-------- DATA LISTING

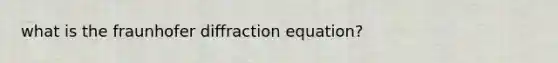 what is the fraunhofer diffraction equation?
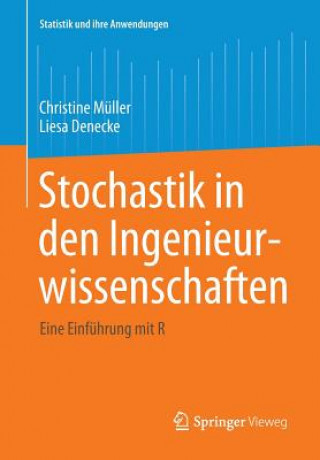 Könyv Stochastik in den Ingenieurwissenschaften Christine Müller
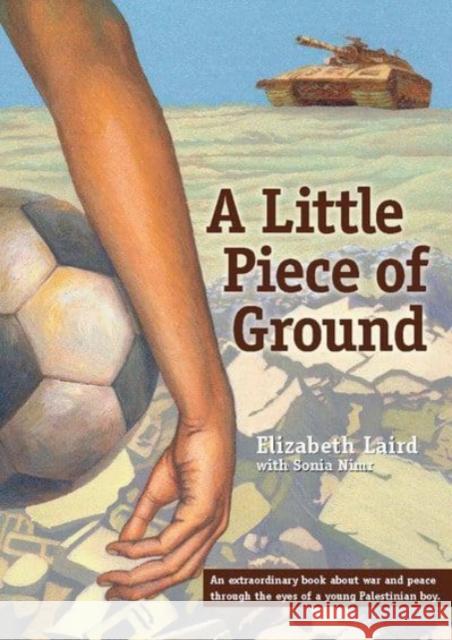 A Little Piece of Ground Elizabeth Laird Bill Neal Sonia Nimr 9781931859387 Haymarket Books - książka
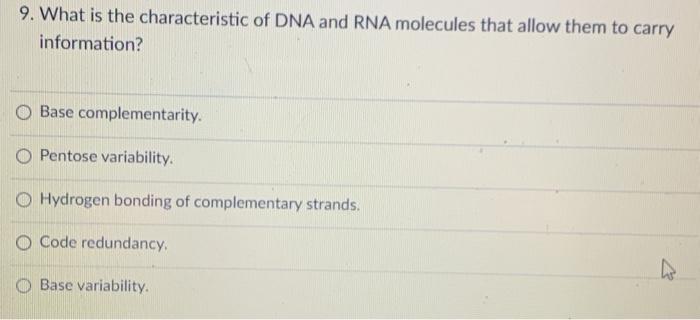 Solved 9. What is the characteristic of DNA and RNA | Chegg.com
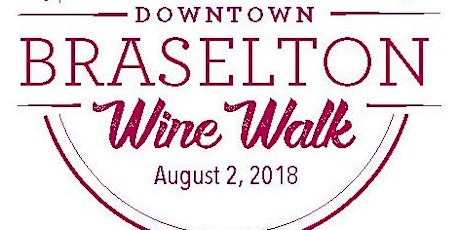 Downtown Braselton Wine Walk 2018 primary image
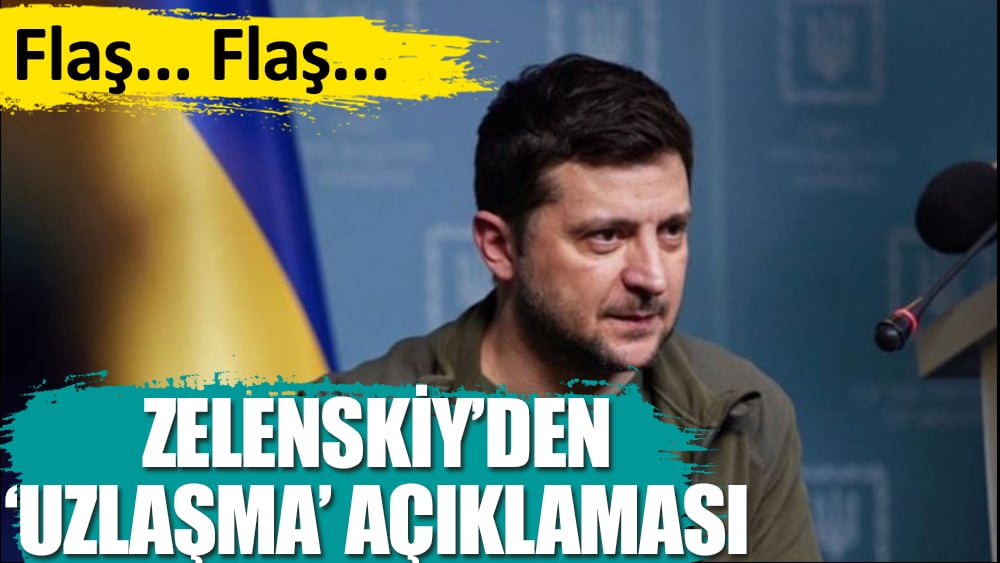 Son dakika |  Zelenskiy'den uzlaşma açıklaması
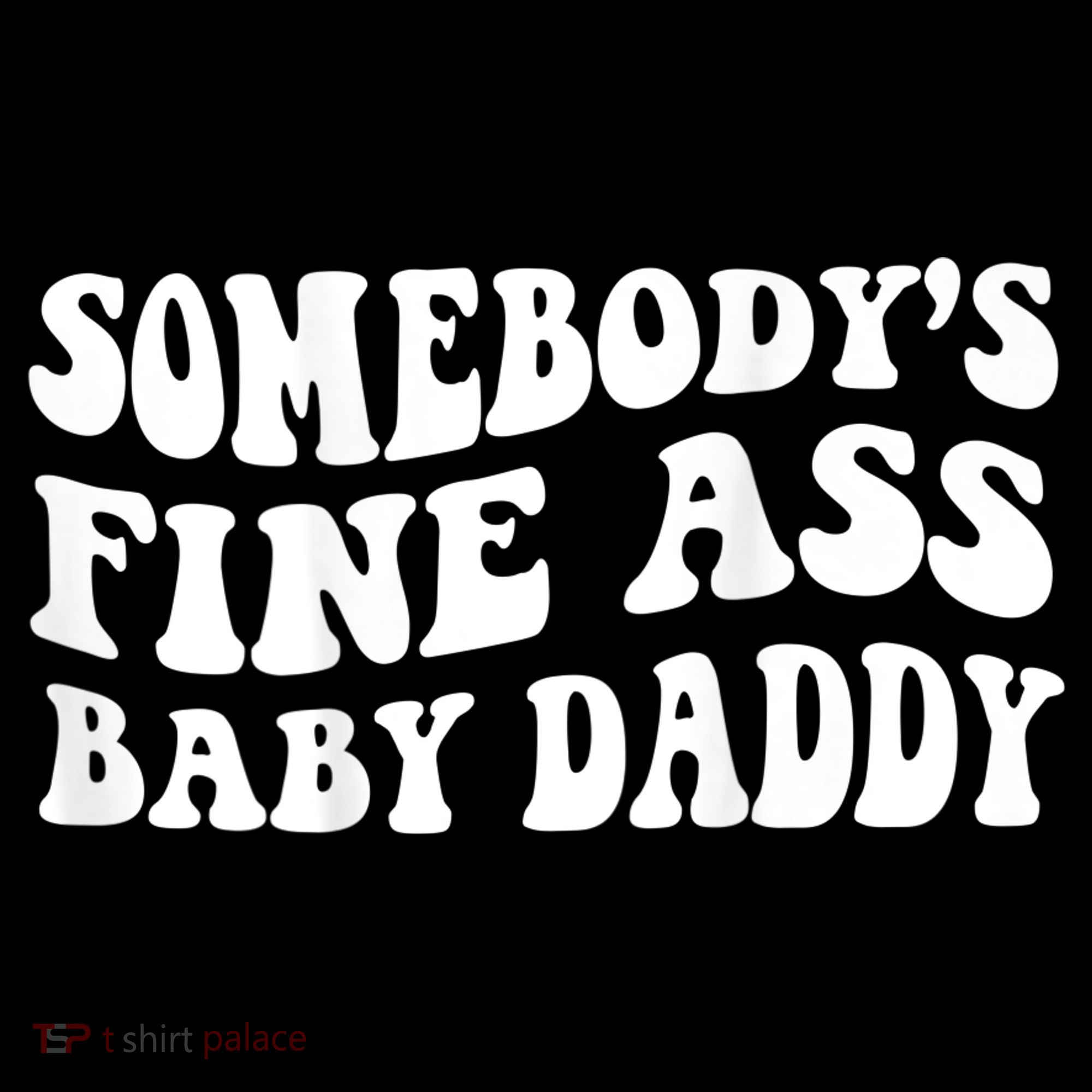 Somebody's Fine Ass Baby Daddy Toddler Hoodie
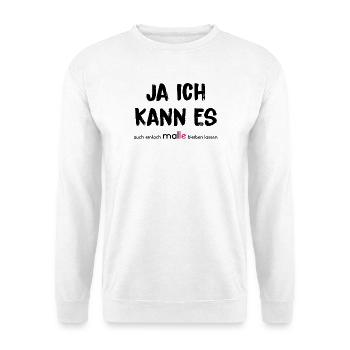 JA ICH KANN ES auch einfach MAL(LE) bleiben lassen - Unisex Pullover - Weiß - Vorne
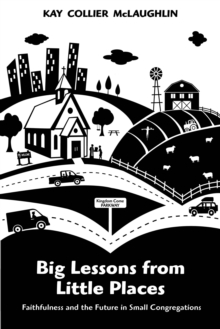 Big Lessons from Little Places : Faithfulness and the Future in Small Congregations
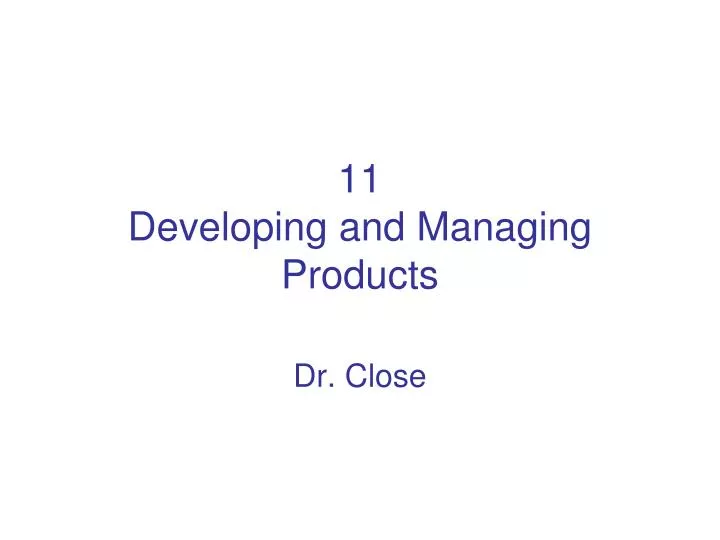 11 developing and managing products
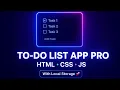 To-Do List App with Local Storage College Minor Project HTML CSS JavaScript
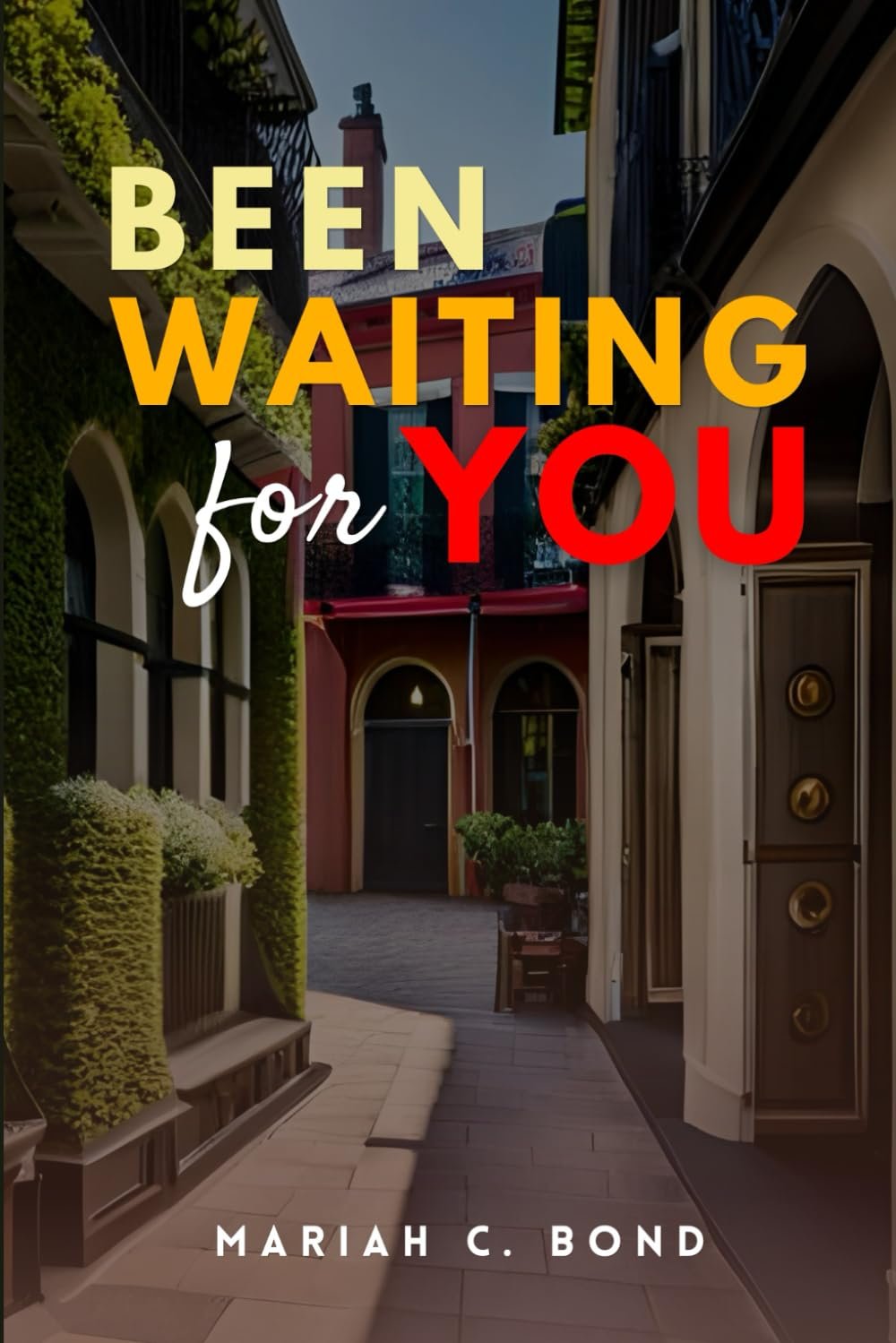 Been Waiting For You book cover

----------------

**TASK OBJECTIVE:**
Using the data above, write out every line exactly, leaving the images behind.

**RESULT:**
 what is the fraunhofer diffraction equation?
 Könyv Stochastik in den Ingenieurwissenschaften Christine Müller
 A Little Piece of Ground Elizabeth Laird Bill Neal Sonia Nimr 9781931859387 Haymarket Books - książka
 Solved 9. What is the characteristic of DNA and RNA | Chegg.com
 Downtown Braselton Wine Walk 2018 primary image
 Son dakika |  Zelenskiy'den uzlaşma açıklaması
 Somebody's Fine Ass Baby Daddy Toddler Hoodie
 JA ICH KANN ES auch einfach MAL(LE) bleiben lassen - Unisex Pullover - Weiß - Vorne
 Big Lessons from Little Places : Faithfulness and the Future in Small Congregations
 11 developing and managing products
 To-Do List App with Local Storage College Minor Project HTML CSS JavaScript
 Been Waiting For You book cover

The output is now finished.